The elegant solution: ask the AI to resolve it.
When a DiffApplyException occurs:
- Fetch the current file content from the repository.
- Send both the current content and the failed diff to the AI.
- Ask it to produce the complete new file content.
This is far more robust than implementing ever-more-complex matching strategies in the DiffApplyService. The AI sees the actual current state of the file and can produce the intended result directly.
Lesson: When your deterministic code fails, don’t add more deterministic complexity — delegate back to the AI. It can reason about intent in ways that string matching never will.
Summary of Key Takeaways
After nine iterations, these are the principles I’d carry into any agentic system:
| Principle | Detail |
|---|---|
| Inversion of control | The agent drives the logic; your app is the execution environment. |
| Choose the split wisely | Keep deterministic steps in the app; delegate reasoning to the LLM. Each side has clear trade-offs. |
| Context is everything | Invest heavily in smart, dynamic context gathering. |
| Cap your iteration loops | LLMs improve with feedback, but after 3 failed attempts, change your strategy — don’t just retry. |
| Let the agent ask for more | Never assume you’ve provided enough information upfront. |
| Define a protocol, but be resilient | Structured output formats are essential, but the AI will violate them.

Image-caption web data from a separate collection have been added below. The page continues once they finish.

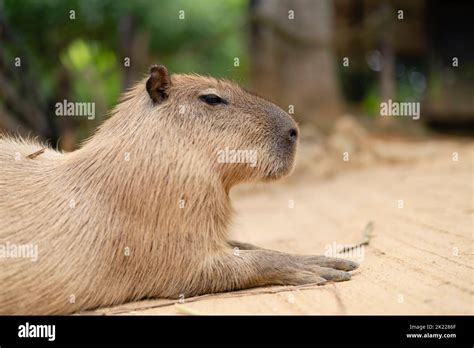 Capybara at Southeast Botanical Gardens, Okinawa, Japan Stock Photo - Alamy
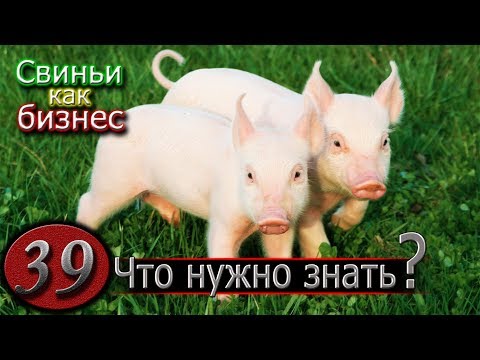 Видео: ПРЕЖДЕ ЧЕМ ЗАВЕСТИ ПОРОСЕНКА...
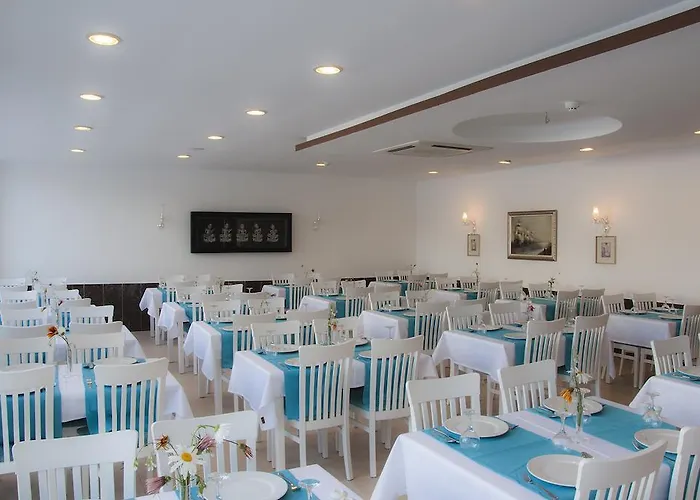 Dickman Elite 3* Sidé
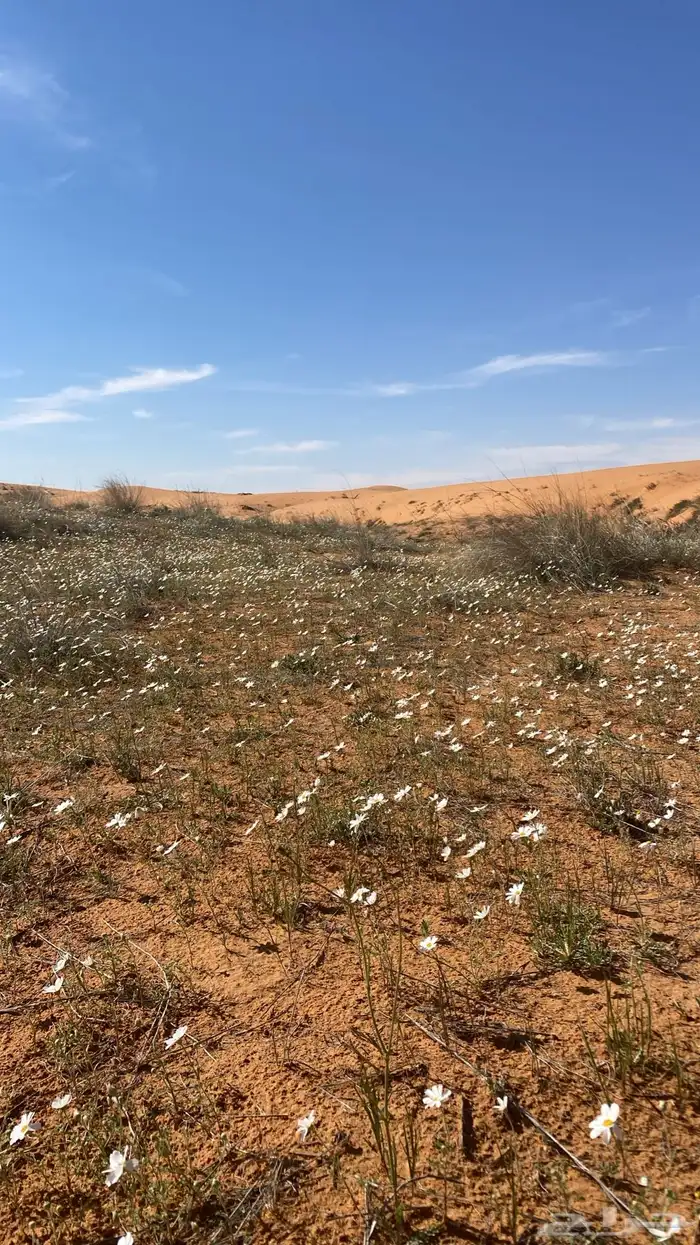 ماطور هواء 1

Build robust parsers. |
| Minimise token waste | Use diffs, summaries, and deduplication to keep the context window focused. |
| Delegate validation to the agent | The AI knows the build system better than a hardcoded checker. |
| Minimise the toolset | Expose only the tools strictly needed. Every additional tool is a security risk and a source of complexity. |
| Use the AI to fix AI failures | When diff application or parsing fails, ask the AI to resolve it. |
Building agentic systems is an exercise in designing for uncertainty. The AI is powerful but imprecise. Your surrounding infrastructure must be resilient, adaptive, and willing to hand control back to the agent when deterministic approaches fail. The result is a system that is more capable than either part alone.